Estamos habituados a vê-la pisar os palcos do teatro e a entrar-nos em casa pela televisão no papel de actriz, mas Ana Saragoça dá também cartas como escritora, como é disso prova o seu romance de estreia “Todos os dias são meus” (Planeta, 2018), lançado em 2012 e reeditado agora pela Planeta.
“Um prédio. Um crime. Vários suspeitos”. É desta forma que se resume uma história a várias vozes, capaz de absorver o leitor da primeira à última página, com um final que se impõe de forma surpreendente.
Mário de Carvalho assina o prefácio e destaca, desde logo, que o desafio da autora — eximiamente superado, diga-se já — foi “dizer o máximo com o mínimo de palavras, de ampliar e aprofundar a expressividade através da concisão, em termos que chegam a ser arrebatadores, despertando a vontade de mais ler, chegar adiante”.
Com pouco mais de cem páginas, “Todos os dias são meus” é daqueles livros que despertam um sentimento duplo no final: por um lado, o desejo de que a aventura literária (de tão boa) tivesse durado mais; por outro lado, o conforto de saber que nestas breves páginas está lá tudo (e é aí que reside a magia e o encanto).
Empolgante, irónico, repleto de inteligência e humor, este é um livro para se ler de um só fôlego, não só pelas breves páginas mas, sobretudo, pela forma como a autora eximiamente articula a narrativa. Sem aviso prévio, assumimos o papel de polícias investigadores, em pleno interrogatório porta a porta a todos os moradores do prédio onde ocorreu o crime: uma jovem solitária assassinada no elevador. Mas tudo isto está subentendido, já que apenas lemos a voz do interrogado. O melhor de tudo? As vozes, apresentadas em jeito de retrato irónico da sociedade portuguesa, que tão facilmente reconhecemos.

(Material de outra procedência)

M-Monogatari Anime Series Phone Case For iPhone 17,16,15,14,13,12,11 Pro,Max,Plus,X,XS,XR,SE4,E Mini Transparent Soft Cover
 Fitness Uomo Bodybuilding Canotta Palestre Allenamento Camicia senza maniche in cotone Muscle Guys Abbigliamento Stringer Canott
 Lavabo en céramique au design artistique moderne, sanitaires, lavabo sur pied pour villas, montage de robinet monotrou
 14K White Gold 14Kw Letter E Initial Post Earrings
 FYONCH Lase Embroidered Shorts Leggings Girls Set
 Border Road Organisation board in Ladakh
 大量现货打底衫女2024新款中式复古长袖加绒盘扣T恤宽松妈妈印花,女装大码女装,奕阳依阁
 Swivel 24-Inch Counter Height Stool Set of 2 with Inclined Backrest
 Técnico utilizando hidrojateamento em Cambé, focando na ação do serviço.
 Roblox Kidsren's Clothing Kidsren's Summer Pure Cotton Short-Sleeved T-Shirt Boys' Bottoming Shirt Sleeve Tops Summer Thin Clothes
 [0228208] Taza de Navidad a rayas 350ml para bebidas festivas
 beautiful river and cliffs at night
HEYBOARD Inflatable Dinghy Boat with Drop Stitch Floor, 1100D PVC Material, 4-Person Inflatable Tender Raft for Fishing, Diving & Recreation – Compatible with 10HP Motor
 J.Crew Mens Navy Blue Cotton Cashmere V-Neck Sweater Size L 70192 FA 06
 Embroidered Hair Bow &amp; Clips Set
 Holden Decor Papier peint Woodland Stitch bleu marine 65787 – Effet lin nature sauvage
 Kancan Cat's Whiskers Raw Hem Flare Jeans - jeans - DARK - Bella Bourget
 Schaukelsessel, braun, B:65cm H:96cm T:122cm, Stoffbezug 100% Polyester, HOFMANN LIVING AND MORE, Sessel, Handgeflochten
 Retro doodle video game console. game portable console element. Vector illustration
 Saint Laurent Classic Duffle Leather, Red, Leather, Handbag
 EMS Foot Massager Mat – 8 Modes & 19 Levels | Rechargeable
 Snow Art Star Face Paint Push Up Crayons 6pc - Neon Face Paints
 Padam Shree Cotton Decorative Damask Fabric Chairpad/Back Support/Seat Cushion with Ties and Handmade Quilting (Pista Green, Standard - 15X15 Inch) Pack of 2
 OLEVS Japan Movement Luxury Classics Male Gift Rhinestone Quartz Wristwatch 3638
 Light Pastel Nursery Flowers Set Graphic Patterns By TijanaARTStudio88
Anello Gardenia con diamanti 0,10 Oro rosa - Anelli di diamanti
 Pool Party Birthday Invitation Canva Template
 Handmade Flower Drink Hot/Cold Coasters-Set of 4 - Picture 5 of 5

Desde a porteira que diz que não sabe nada e não se mete na vida de ninguém mas “sabe” tudo, os ‘cranianos’ que afinal são moldavos, o senhor engenheiro divorciado que enche a casa de mulheres – e a sua namorada artista -, os gémeos que passam as noites a brincar com o elevador, o jovem do Norte que veio à cidade vender óculos, até ao idoso solitário e sua empregada. Pelo meio surge a voz da Razão: a chave para a resolução do crime e o lado introspectivo e íntimo da narrativa que nos toca.
Para os amantes de livros, a cereja no topo do bolo surge já perto do fim, mas seguramente não será esquecida:
“Tive de optar entre os dois mundos — o lá de fora e o dos livros. Para manter algum gosto pela vida e aquilo que eu sei que é a minha sanidade mental, independentemente do que digam todos os tratados de psiquiatria, optei por aquele que, além de nunca me desapontar, me proporciona um manancial infinito de vivências. Nunca me arrependi. A meio da noite, e das insónias, olho para as prateleiras e sinto-me rodeada de um exército de amigos.”